**EXERCISE DETAILS**
Copy the records word for word, omitting all pictures.

**DATA PROVIDED**
....

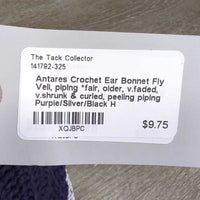 Crochet Ear Bonnet Fly Veil, piping *fair, older, v.faded, v.shrunk & curled, peeling piping
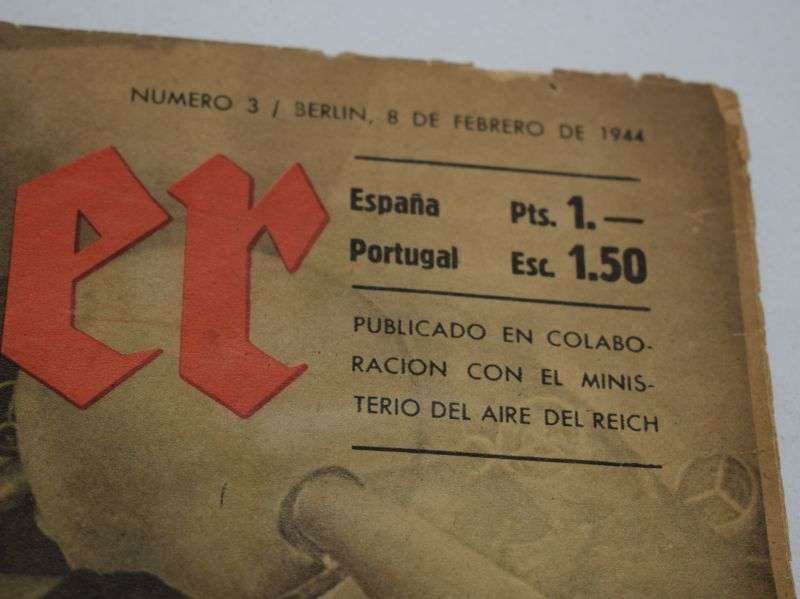 90) Original WW2 German Luftwaffe Adler Magazine in Spanish 8th February 1944 — image 5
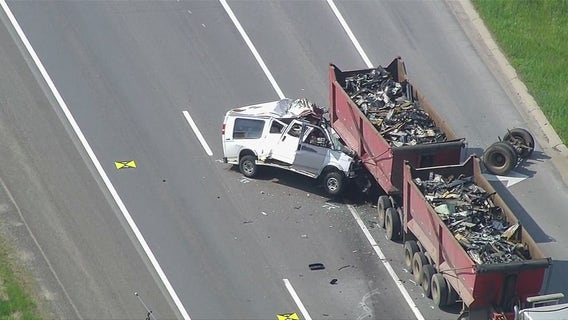 One dead after van collides with semi-truck in Macomb County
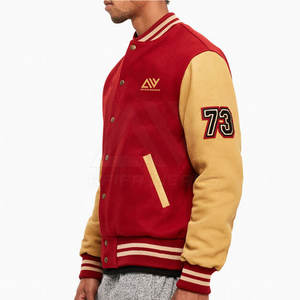 Veste d'université surdimensionnée 100% coton pour homme avec col montant Design Letterman élégant Matériau confortable et durable - Product Image 6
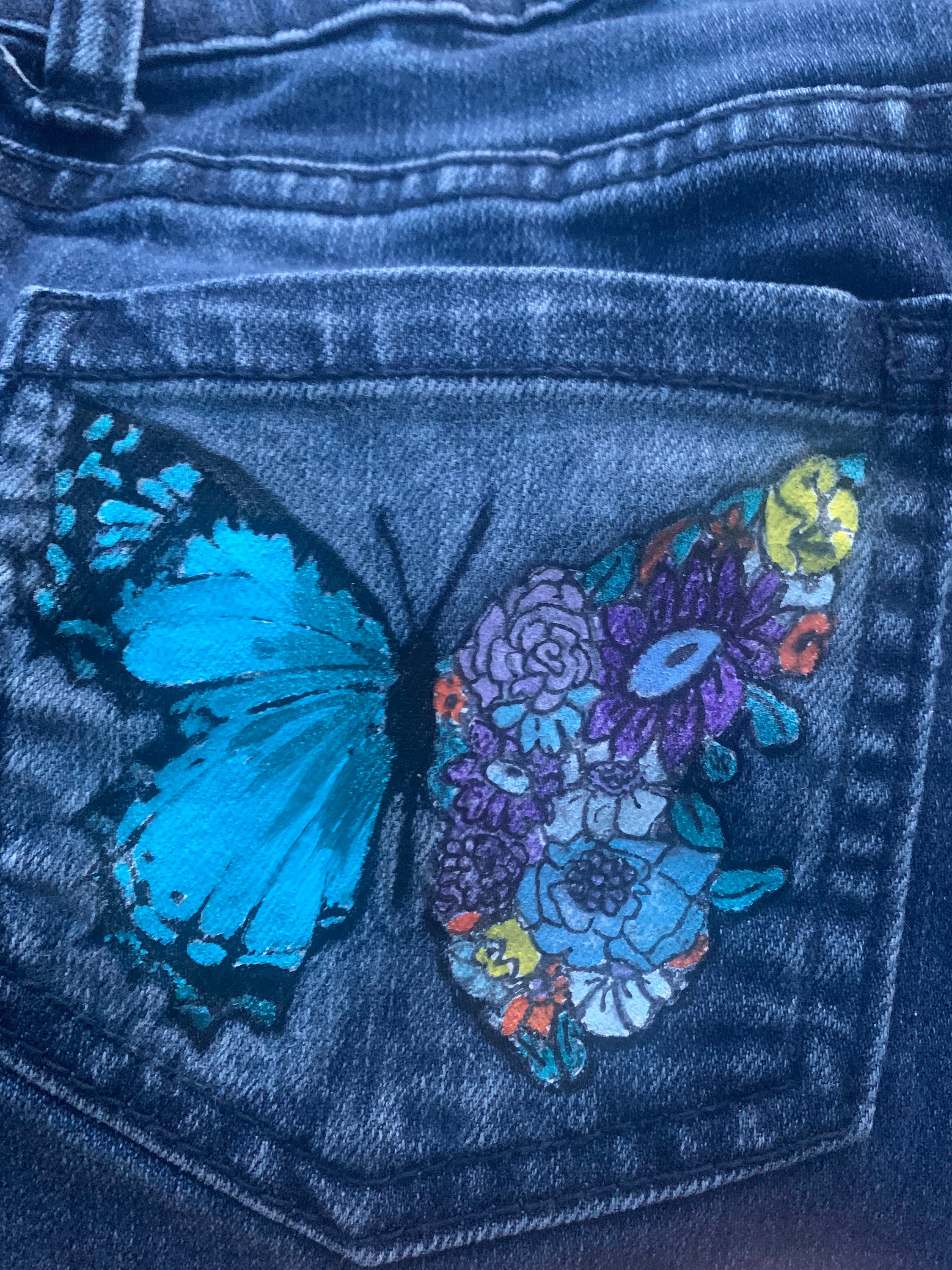 Butterfly Painted Jeans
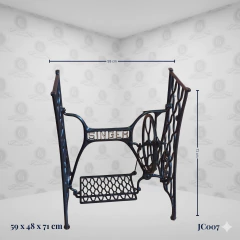 Pé De Máquina De Costura Singer Antigo Restaurado Ferro Fundido Vintage - (JC007) - Columbus Gold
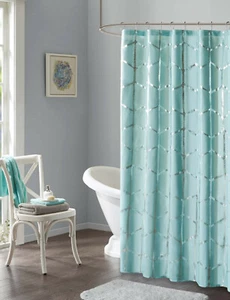 New ID Intelligent Design Raina Printed Metallic Shower Curtain Aqua 72" x 72" - Picture 1 of 4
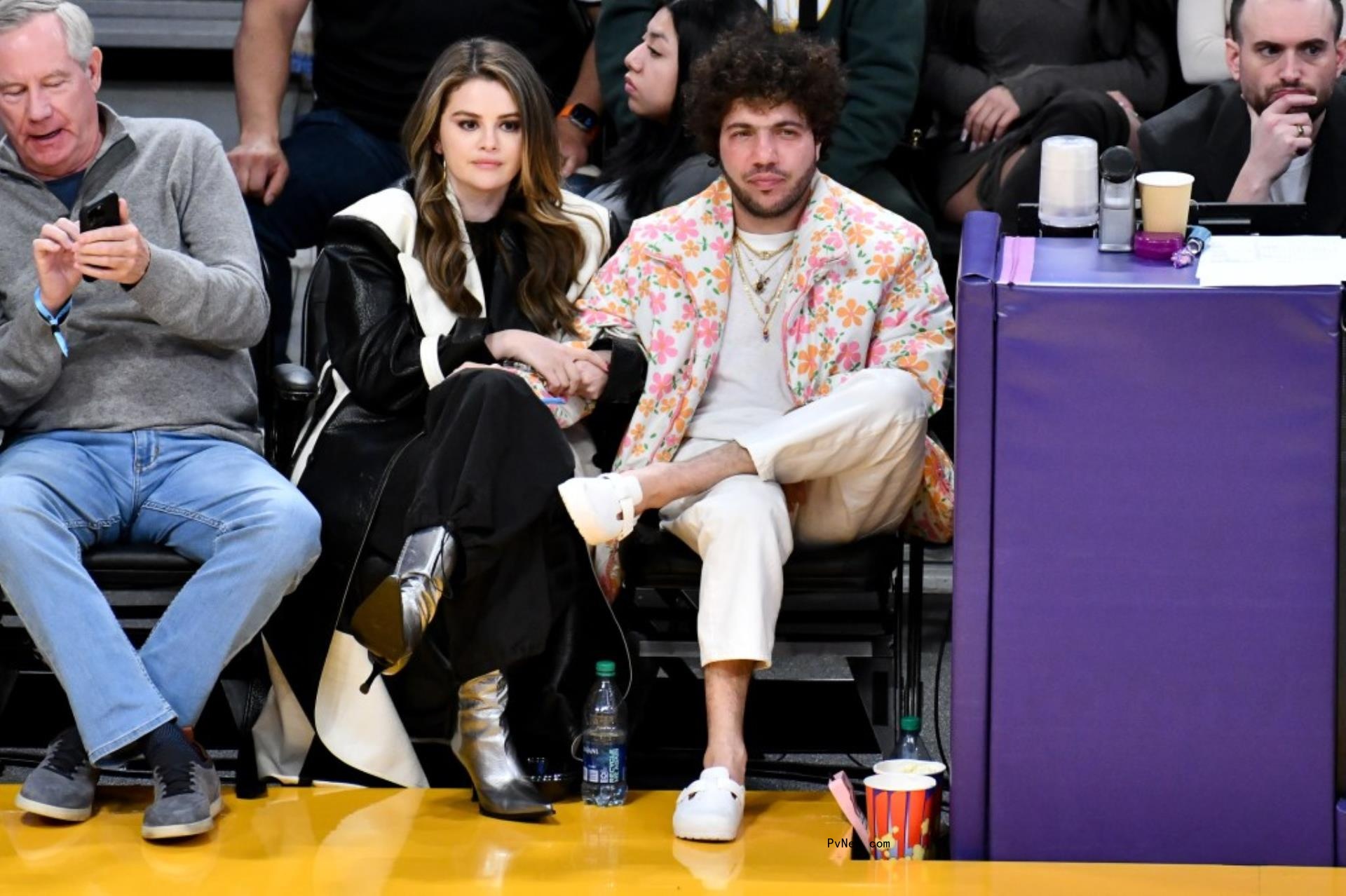 Benny Blanco and Selena Gomez at the Lakers Game.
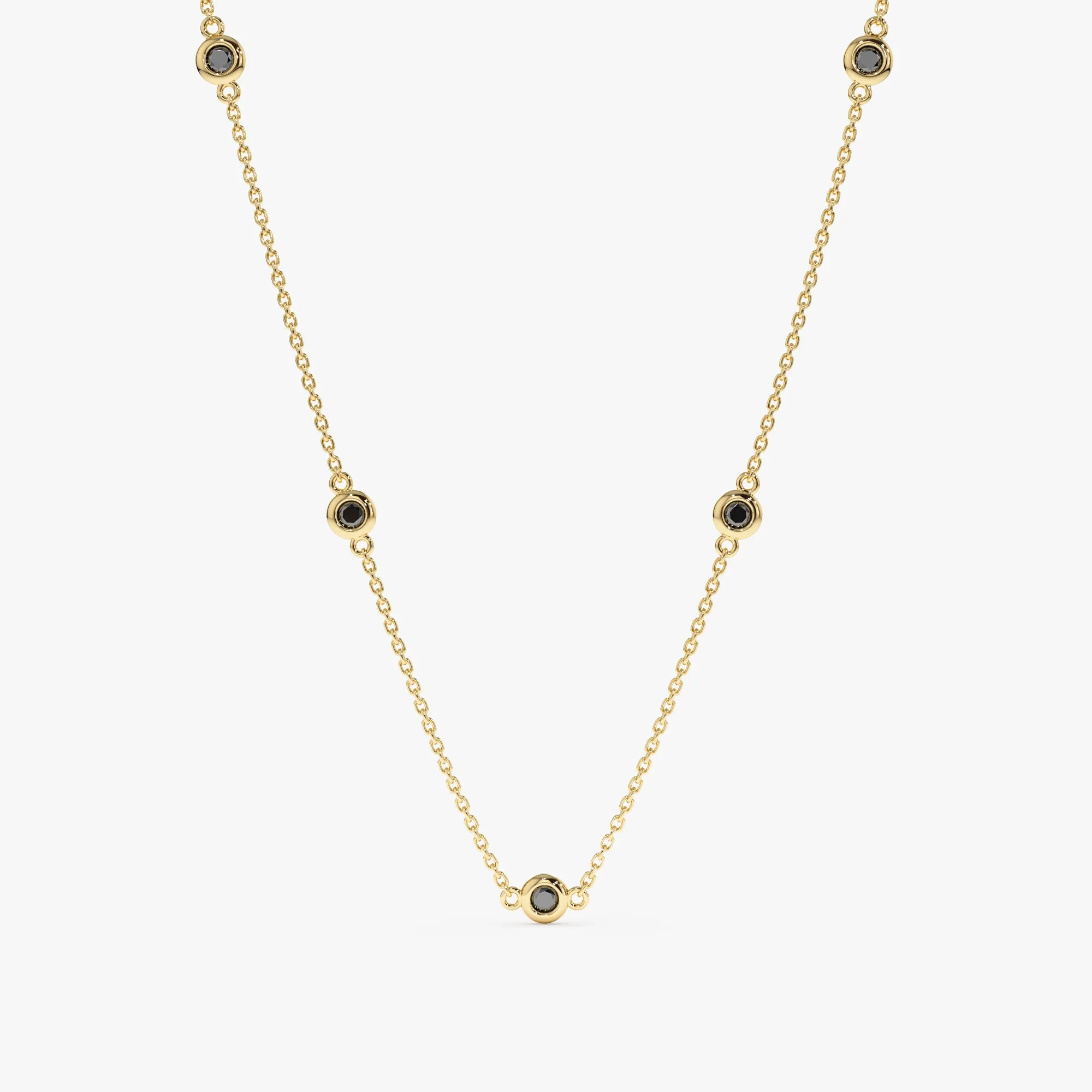 Black Diamond Station Necklace, Gwen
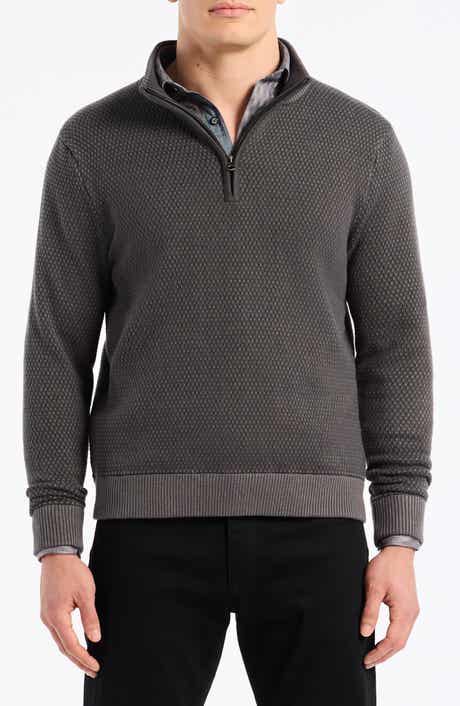 Robert Graham Walton Cotton & Silk Quarter Zip Sweater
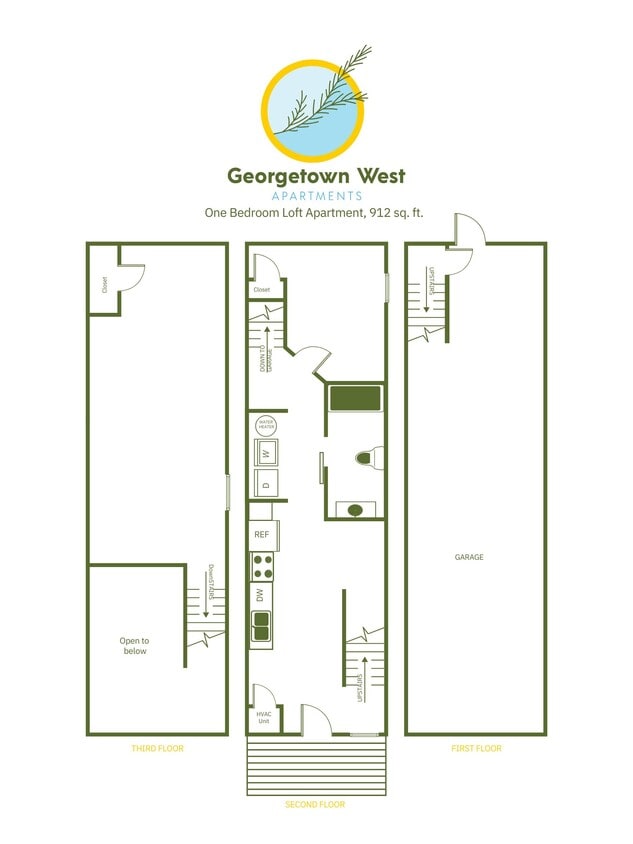 Floor Plan - 1 Bed, 1 Bath Loft - 912 sq ft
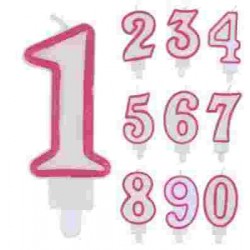 CANDELINE NUMERALI N.8 CM.8 ROSA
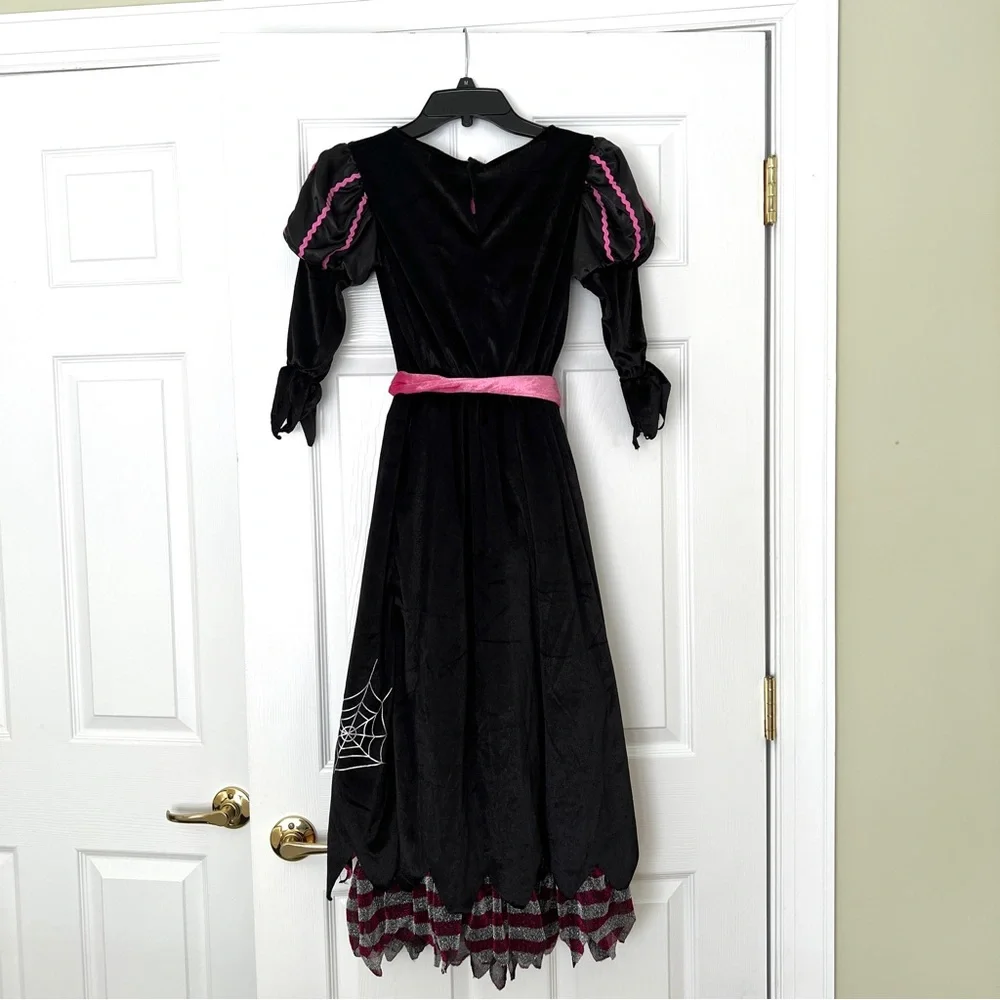 Witch costume dress, hat, broom Youth Large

....

**COMPLETED EXERCISE**
 Crochet Ear Bonnet Fly Veil, piping *fair, older, v.faded, v.shrunk & curled, peeling piping
 90) Original WW2 German Luftwaffe Adler Magazine in Spanish 8th February 1944 — image 5
 One dead after van collides with semi-truck in Macomb County
 Veste d'université surdimensionnée 100% coton pour homme avec col montant Design Letterman élégant Matériau confortable et durable - Product Image 6
 Butterfly Painted Jeans
 Pé De Máquina De Costura Singer Antigo Restaurado Ferro Fundido Vintage - (JC007) - Columbus Gold
 New ID Intelligent Design Raina Printed Metallic Shower Curtain Aqua 72" x 72" - Picture 1 of 4
 Benny Blanco and Selena Gomez at the Lakers Game.
 Black Diamond Station Necklace, Gwen
 Robert Graham Walton Cotton & Silk Quarter Zip Sweater
 Floor Plan - 1 Bed, 1 Bath Loft - 912 sq ft
 CANDELINE NUMERALI N.8 CM.8 ROSA
 Witch costume dress, hat, broom Youth Large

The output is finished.